Entdeckt wurde der Diebstahl erst, als Haydns sterbliche Überreste 1820 exhumiert und in die Bergkirche nach Eisenstadt überführt werden sollten. Im Jahr 1839 wurde der Schädel durch Rosenbaums Witwe an den Arzt Karl Haller übergeben, von diesem gelangte die „schätzbarste Reliquie“ 1852 dann an den berühmten Pathologen Carl von Rokitansky, der sie ebenfalls genau untersuchte.

Rokitanskys Söhne überließen den Schädel 1895 in den „unwiderruflichen immerwährenden“ Besitz der Gesellschaft der Musikfreunde, die ihn neuerlich untersuchen ließ, und zwar durch den Anatomen und Wiener Gesundheitsstadtrat Julius Tandler.

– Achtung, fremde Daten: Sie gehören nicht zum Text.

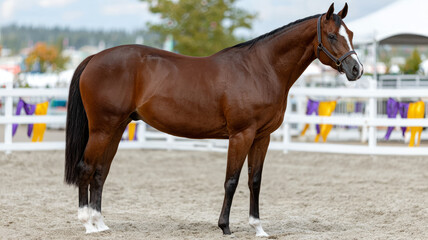 Obraz premium A brown horse standing in an outdoor arena at a show.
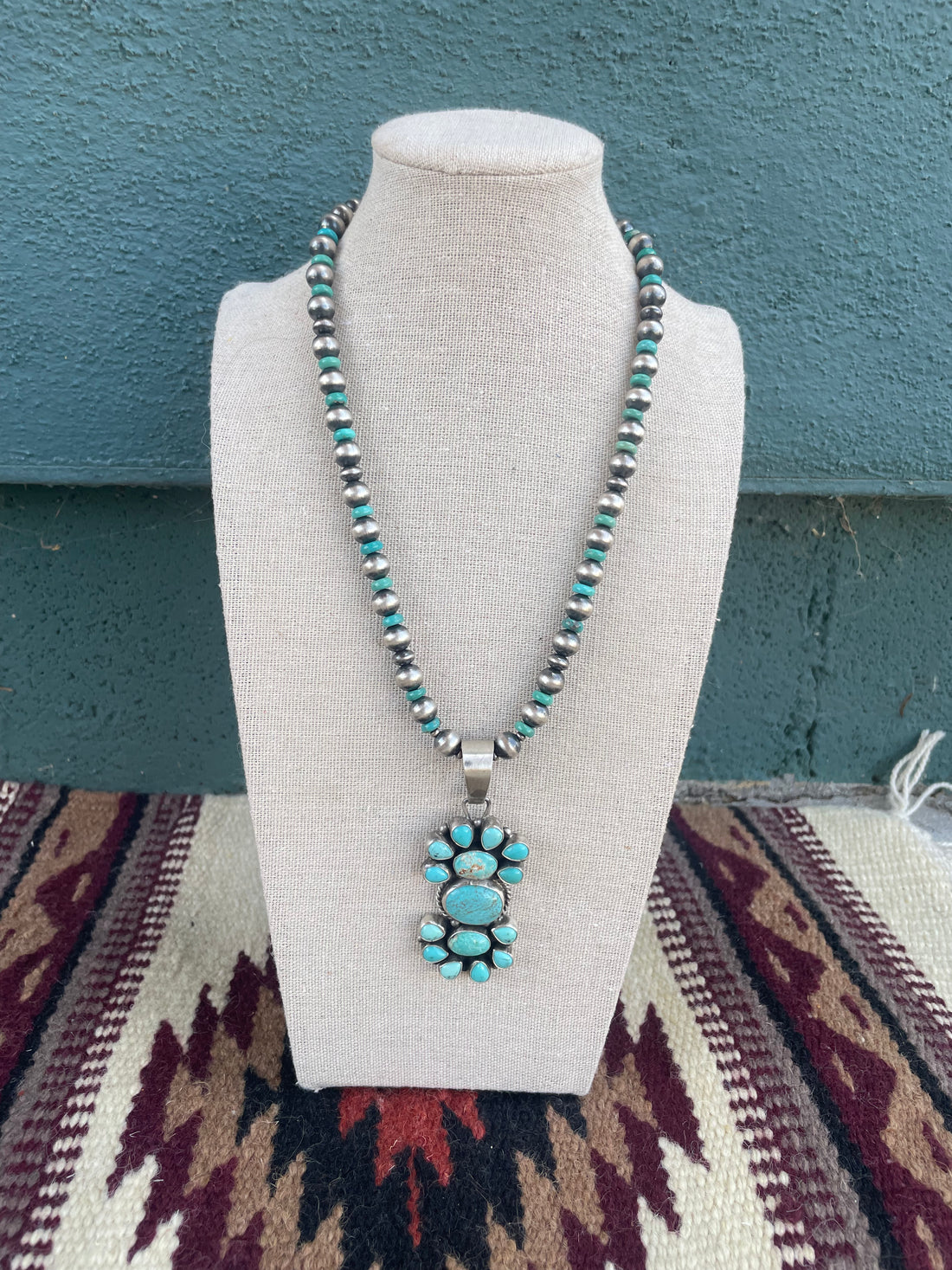 Beautiful Beaded Navajo Sterling Silver and Turquoise Necklace Signed Sheila Becenti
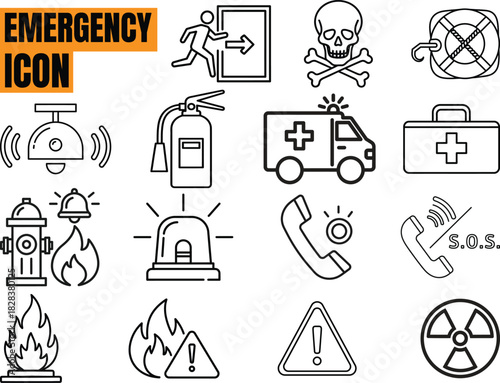Emergency and safety icon set vector illustration outline style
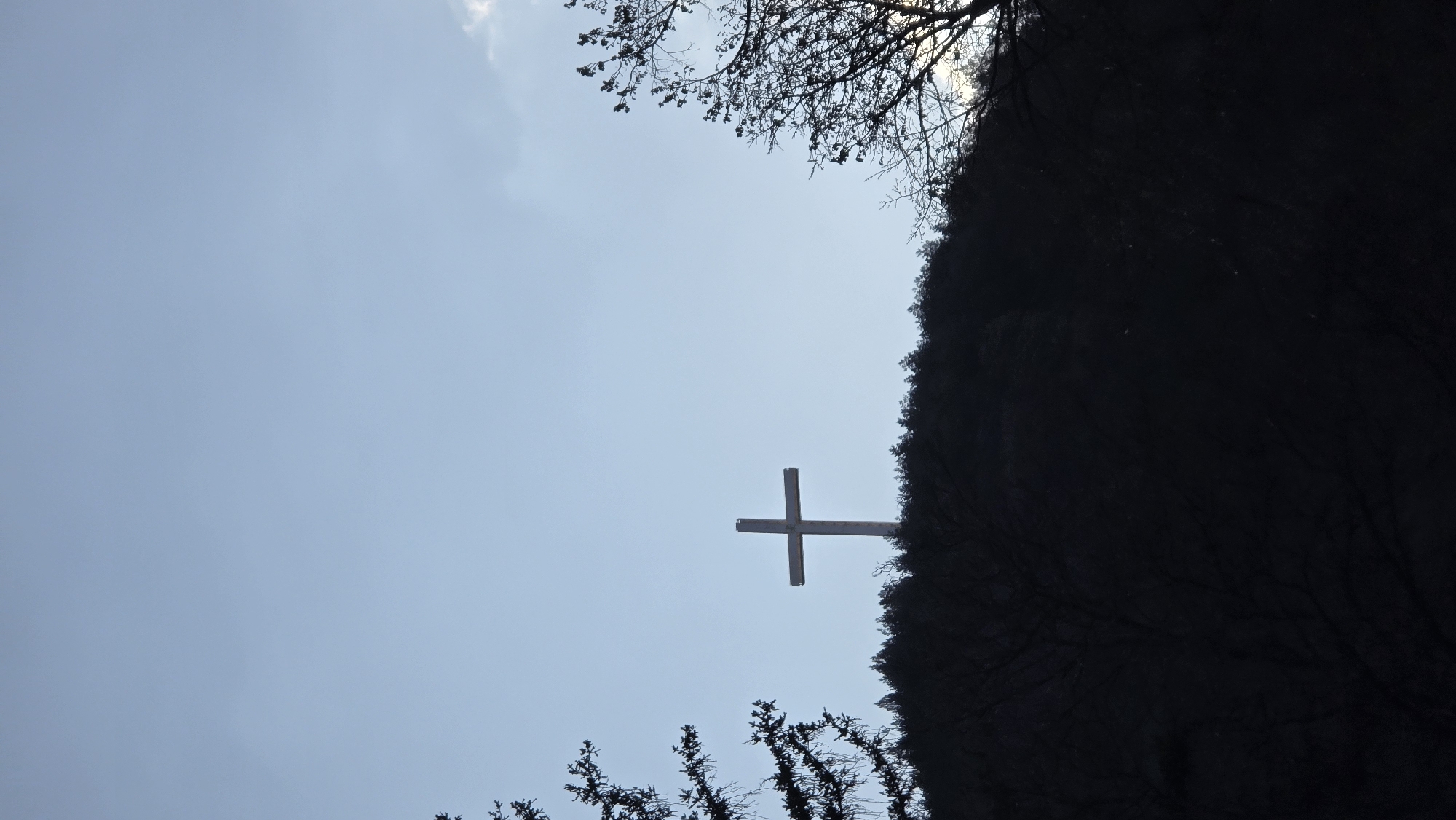 Morning street scenes and hilltop cross observed in Blagoevgrad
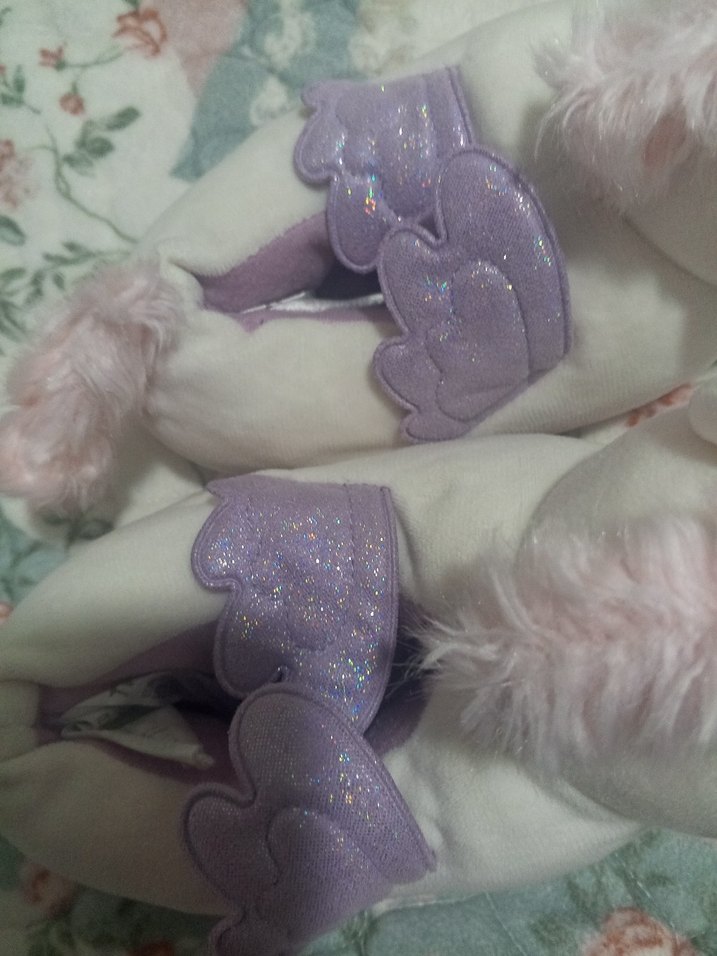 Kızlar için Mor Unicorn Peluş Terlik - Görsel 5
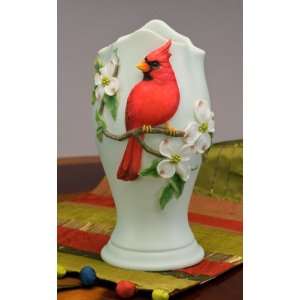Cardinal on Dogwood Table Vase, Ibis & Orchid Design 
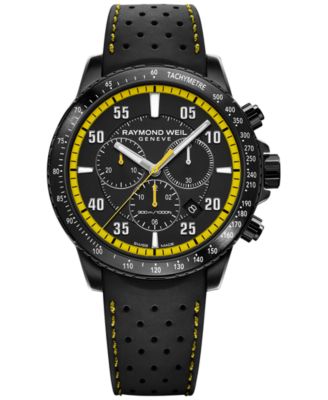 Raymond Weil - Men's Swiss Chronograph Tango Black Perforated Rubber Strap 43mm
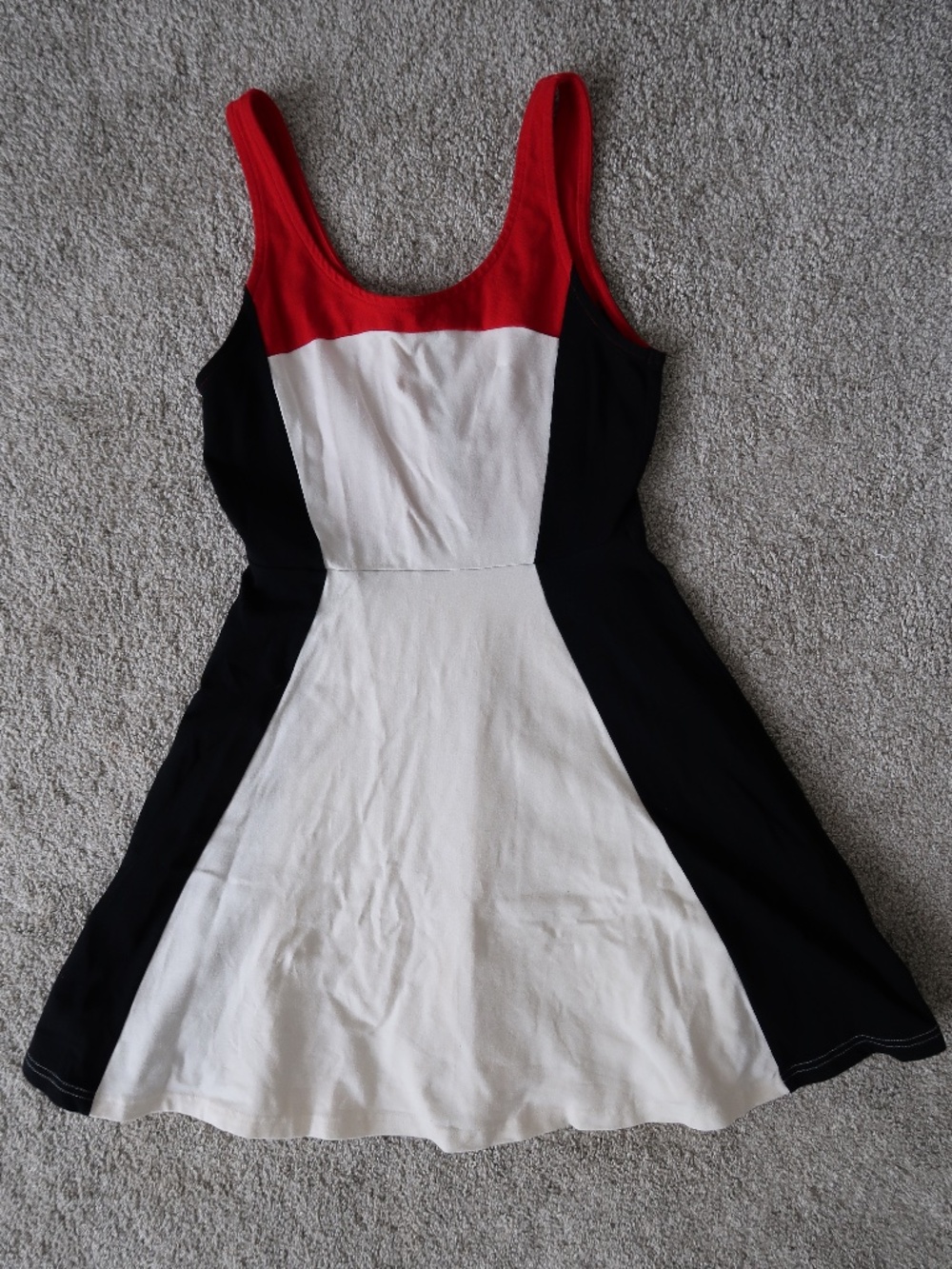 Express Colorblock Fit & Flare Dress | Red White Black | Size S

Immerhin gelang es Tandler durch einen Vergleich mit Haydns Totenmaske die Echtheit des Schädels nachzuweisen. Im Jahre 1954 kam unter den Klängen der „Kaiserhymne“ endlich zur feierlichen Beisetzung des Schädels in Haydns Grab in der Bergkirche zu Eisenstadt und damit zur Vereinigung mit den restlichen Gebeinen des Komponisten.

(Georg Markus, Kurier, 2019)

Von Haydns insgesamt 12 erhalten gebliebenen Messen entstanden elf während seiner Tätigkeit als Kapellmeister im Dienste der Fürsten Esterházy in Eisenstadt. 1766 starb Oberkapellmeister G.J. Werner, Haydn wurde 1. Kapellmeister, und es oblag ihm nun auch die Betreuung der Kirchenmusik am fürstlichen Hof. Als Dank für seine Ernennung schrieb er eine Messe und widmete sie der Gottesmutter. Bislang nahm man an, dass es sich dabei um die „Missa in honorem Beatissimae Virginis Mariae“ (Große Orgelsolomesse in Es) gehandelt habe. Neuerdings vertreten einige Musikwissenschaftler die Meinung, es wäre die „Cäcilienmesse“ aus diesem Anlass entstanden und verlegen die Messe in die Jahre 1768/69. Da der erste Teil des Autographs (Kyrie, Gloria, Credo) verschollen ist, können wir uns hinsichtlich des genauen Titels des Werkes nur auf die Eintragungen im Entwurf-Katalog beziehen: „Missa in honorem B.M.V.

Die Besetzung des Ordinariums entspricht dem Stand der fürstlichen Kapelle in den Jahren 1760/1770: 2 Englischhörner, 2 Hörner, Fagott, Streicher (ohne Violen), konzertierende Orgel, vier Solostimmen, gemischter Chor. Das Konzertieren der Orgel erfolgt nicht in allen Sätzen, eine dominierende Rolle spielt sie im Kyrie und im Benedictus, kleinere Orgelsoli finden sich am Ende von Gloria und Credo und im Dona nobis. Die Grundtonart des Werkes – Es-Dur – finden wir in der Kirchenmusik Haydns selten. Von den Messen steht nur die „Große Orgelsolomesse“ (zur Unterscheidung von der „Missa brevis Sancti Joannis de Deo“ = „Kleine Orgelsolomesse“ so genannt) in dieser ernsten Tonart. Die reiche kontrapunktische Arbeit zeigt den noch jungen Meister in der besten österreichischen Kirchenmusiktradition, in der die Chorfugen am Ende von Gloria und Credo (in dieser Messe auch im Dona nobis) auch nach der Stilwende um 1750 ihren festen Platz hatten.
Dem spätneapolitanischen Stil verpflichtet sind manche Soloteile, allerdings gelingt es Haydn immer, opernhaftes Gepräge zu vermeiden und die Grundstimmung des Textes auszuloten. Dies gilt auch für die tonmalerischen Elemente der Messe: Beginn des Gloria (piano, unisono bei „Et in terra“), auf das „Crucifixus“ (chromatischer Quartfall), auf das „Et resurrexit“ (aufsteigender Dreiklang), auf „sedet ad dexteram“ (Liegeton) und auf das plötzlich eintretende Moll bei „et mortuos“ verwiesen.

Auffallend ist, dass diese frühe Messe Haydns im 19. Jahrhundert sehr unterschiedlich bewertet wurde. Vollkommene Ablehnung und höchstes Lob stehen diametral gegenüber. Heute ist man sich einig, dass die „Große Orgelsolomesse“ eines der edelsten, gehaltsvollsten und andächtigsten Kirchenmusikwerke Haydns ist.